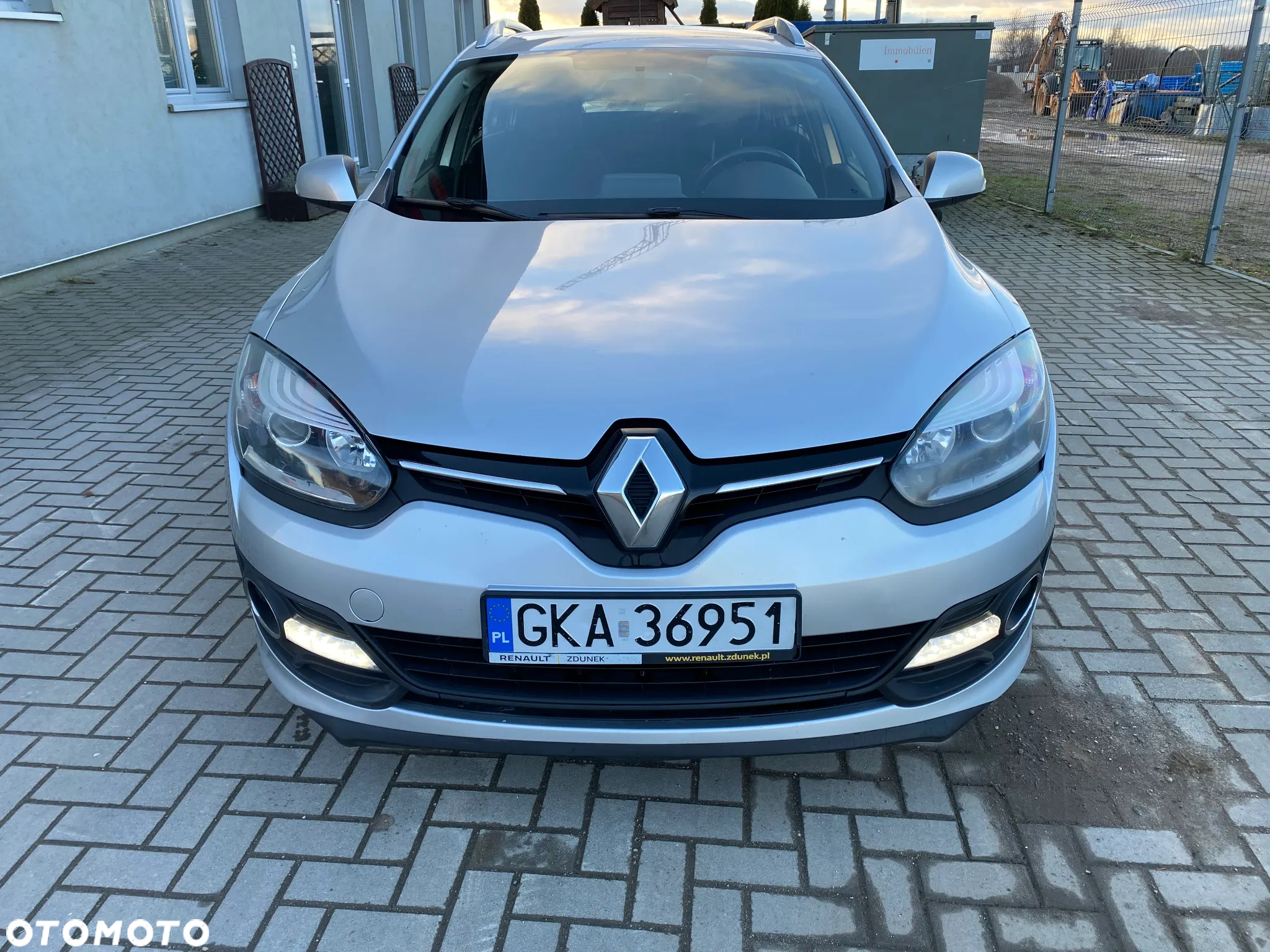 Renault Megane 1.5 dCi Life - 2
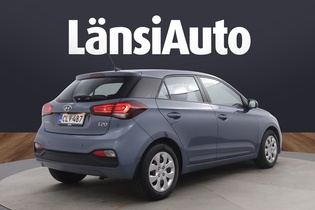 Hyundai i20 Hatchback vaihtoauto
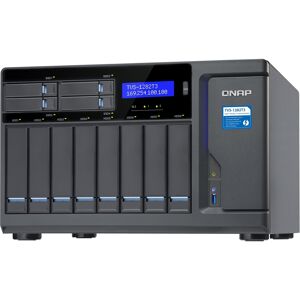 Qnap Tvs-1282t3-I7-64g 80tb (8 X 10tb Wd Ultrastar) 12 Bay W/ 64gb Ram Qnap Tvs-1282t3-I7-64g 80tb (8 X 10tb Wd Ultrastar) 12 Bay W/ 64gb Ram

▶ _WHAT YOU SHOULD DO_:
Give the data again exactly as it appears, but without any images.

▶ _OUTPUT BELOW_:
 Renault Megane 1.5 dCi Life - 2
 Hyundai i20 Hatchback vaihtoauto
 Qnap Tvs-1282t3-I7-64g 80tb (8 X 10tb Wd Ultrastar) 12 Bay W/ 64gb Ram Qnap Tvs-1282t3-I7-64g 80tb (8 X 10tb Wd Ultrastar) 12 Bay W/ 64gb Ram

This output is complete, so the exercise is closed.